| Task directions |
Begin at the line containing "Races in Lake Morton-Berrydale, WA (2000)" and reproduce every line through the end of the entries below. Nothing else should appear.

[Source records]
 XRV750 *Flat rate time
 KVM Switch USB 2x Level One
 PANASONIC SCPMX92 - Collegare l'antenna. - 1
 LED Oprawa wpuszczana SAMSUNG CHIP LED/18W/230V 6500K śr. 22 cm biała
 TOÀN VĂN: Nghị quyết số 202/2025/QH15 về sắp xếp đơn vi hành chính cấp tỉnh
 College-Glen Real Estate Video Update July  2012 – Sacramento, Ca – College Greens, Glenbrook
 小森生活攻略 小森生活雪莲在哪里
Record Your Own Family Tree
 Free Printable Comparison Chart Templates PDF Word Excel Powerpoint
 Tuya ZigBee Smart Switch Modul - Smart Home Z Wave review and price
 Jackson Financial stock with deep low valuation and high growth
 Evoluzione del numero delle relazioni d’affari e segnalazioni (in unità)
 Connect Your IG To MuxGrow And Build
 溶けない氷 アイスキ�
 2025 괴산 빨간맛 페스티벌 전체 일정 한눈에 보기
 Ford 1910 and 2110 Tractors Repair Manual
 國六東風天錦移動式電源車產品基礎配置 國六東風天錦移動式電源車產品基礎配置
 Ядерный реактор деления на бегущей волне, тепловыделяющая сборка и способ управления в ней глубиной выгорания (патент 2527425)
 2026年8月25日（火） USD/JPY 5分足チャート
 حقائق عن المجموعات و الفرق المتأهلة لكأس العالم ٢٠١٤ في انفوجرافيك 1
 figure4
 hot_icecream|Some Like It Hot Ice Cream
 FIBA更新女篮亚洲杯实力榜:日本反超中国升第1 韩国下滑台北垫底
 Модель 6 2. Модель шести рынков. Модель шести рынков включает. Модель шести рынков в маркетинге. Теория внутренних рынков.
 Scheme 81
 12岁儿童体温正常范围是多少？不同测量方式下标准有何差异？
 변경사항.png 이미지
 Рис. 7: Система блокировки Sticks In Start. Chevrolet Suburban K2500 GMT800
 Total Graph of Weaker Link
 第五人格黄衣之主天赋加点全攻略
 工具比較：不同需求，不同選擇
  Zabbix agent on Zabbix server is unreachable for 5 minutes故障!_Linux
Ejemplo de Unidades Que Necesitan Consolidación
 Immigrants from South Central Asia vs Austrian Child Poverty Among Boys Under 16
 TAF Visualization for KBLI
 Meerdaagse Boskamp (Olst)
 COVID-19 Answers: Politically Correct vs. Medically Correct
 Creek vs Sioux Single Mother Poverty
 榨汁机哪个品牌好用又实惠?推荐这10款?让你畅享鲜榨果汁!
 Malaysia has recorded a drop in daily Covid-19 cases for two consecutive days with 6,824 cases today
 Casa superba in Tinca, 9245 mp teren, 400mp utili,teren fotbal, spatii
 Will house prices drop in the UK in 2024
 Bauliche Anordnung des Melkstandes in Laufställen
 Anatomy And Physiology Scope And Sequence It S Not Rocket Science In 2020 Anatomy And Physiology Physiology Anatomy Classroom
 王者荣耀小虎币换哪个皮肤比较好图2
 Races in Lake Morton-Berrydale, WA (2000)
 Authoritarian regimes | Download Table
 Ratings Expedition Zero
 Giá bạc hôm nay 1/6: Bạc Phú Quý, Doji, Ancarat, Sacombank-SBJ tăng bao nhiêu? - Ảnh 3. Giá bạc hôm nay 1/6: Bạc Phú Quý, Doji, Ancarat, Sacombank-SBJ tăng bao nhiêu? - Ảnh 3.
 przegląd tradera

| Solution for this task |
 Races in Lake Morton-Berrydale, WA (2000)
 Authoritarian regimes | Download Table
 Ratings Expedition Zero
 Giá bạc hôm nay 1/6: Bạc Phú Quý, Doji, Ancarat, Sacombank-SBJ tăng bao nhiêu? - Ảnh 3. Giá bạc hôm nay 1/6: Bạc Phú Quý, Doji, Ancarat, Sacombank-SBJ tăng bao nhiêu? - Ảnh 3.
 przegląd tradera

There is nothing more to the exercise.